For a set with N members, what is the number of set partitions in which each subset is either of size 1 or 2?

Question

I have a set with $N$ members $\{1,2, \dots, N\}$. I would like to know number of set partitions in which each subset is either of size $1$ or $2$, i.e., cardinality of each subset in the partition is maximum $2$. For example with $N=3$, we have the set partitions of maximum size $2$ are $\{1,2,3\}, \{(1,2),3)\}, \{1,(2,3)\}, \{(1,3),2\}$. However I am not interested in $\{(1,2,3)\}$ since it is of length $3$. Kindly tell me number of such set partitions for a set with $N$ members.

Answer 1

This is equal to the number of involutions in the symmetric group $S_n$ (permutations whose square is the identity), via the correspondence that associates to such an involution its set of orbits. The exponential generating function for these numbers $f_n$ is $$ \sum_{n\in\Bbb N}f_n\frac{X^n}{n!}=\exp\left(X+\frac{X^2}2\right) $$ where one may interpret the term $X$ in the argument of $\exp$ as the fact that fixed points are allowed, and the term $\frac{X^2}2$ as the fact that $2$-cycles are allowed. This number is also the number of standard Young tableaux of size$~n$. (This is actually one of the first exercises in Stanley's Enumerative Combinatorics book, IIRC.)

Answer 2

This is OEIS sequence A000085. Here is a table of values.

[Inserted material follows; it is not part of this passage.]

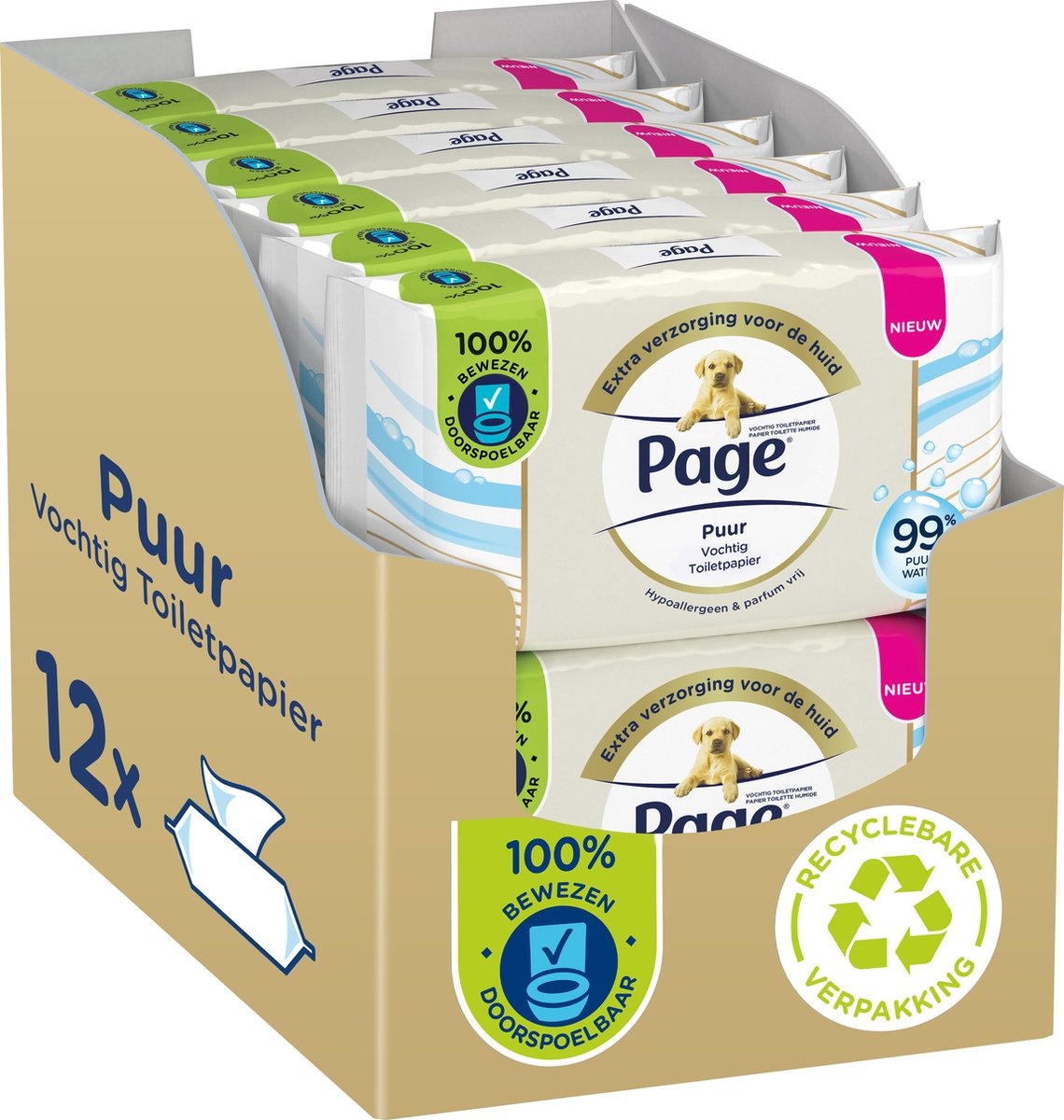 Page Puur vochtig toiletpapier - extra duurzaam vochtig wc papier - 12 x 38 stuks - voordeelverpakking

There is a recurrence $p_n=p_{n-1}+(n-1)p_{n-2}$. The exponential generating function is $\exp(x+\frac12x^2)$.

This sequence has come up before, here and here and here and here and here.

More generally, given sets $A\subseteq\{0,1,2,3,\dots\}$ and $B\subseteq\{1,2,3,\dots\},$ if $p_n$ counts the partitions of $\{1,2,\dots,n\}$ subject to the conditions that the number of cells belongs to $A$ and the size of each cell belongs to $B$, then the exponential generating function is $$\sum_{n=0}^\infty\frac{p_nx^n}{n!}=e_A(e_B(x))$$ where $$e_S(x)=\sum_{n\in S}\frac{x^n}{n!}.$$

Answer 3

Explanation of recurrence relation mentioned by @bof.

Denote the number of these partitions by $p_{N}$.

Then $p_{0}=p_{1}=1$. For $n\geq2$ we have the relation:

$$p_{n}=\left(n-1\right)p_{n-2}+p_{n-1}$$

There are $p_{n-1}$ partitions such that $\{1\}$ is one of its elements.

They are induced by the sortlike partitions of $\{2,\dots,n\}$.

For $k=2,\dots,n$ there are $p_{n-2}$ partitions such that $\{1,k\}$ is one of its elements.

They are induced by the sortlike partitions of $\{2,\dots,k-1,k+1,\dots n\}$.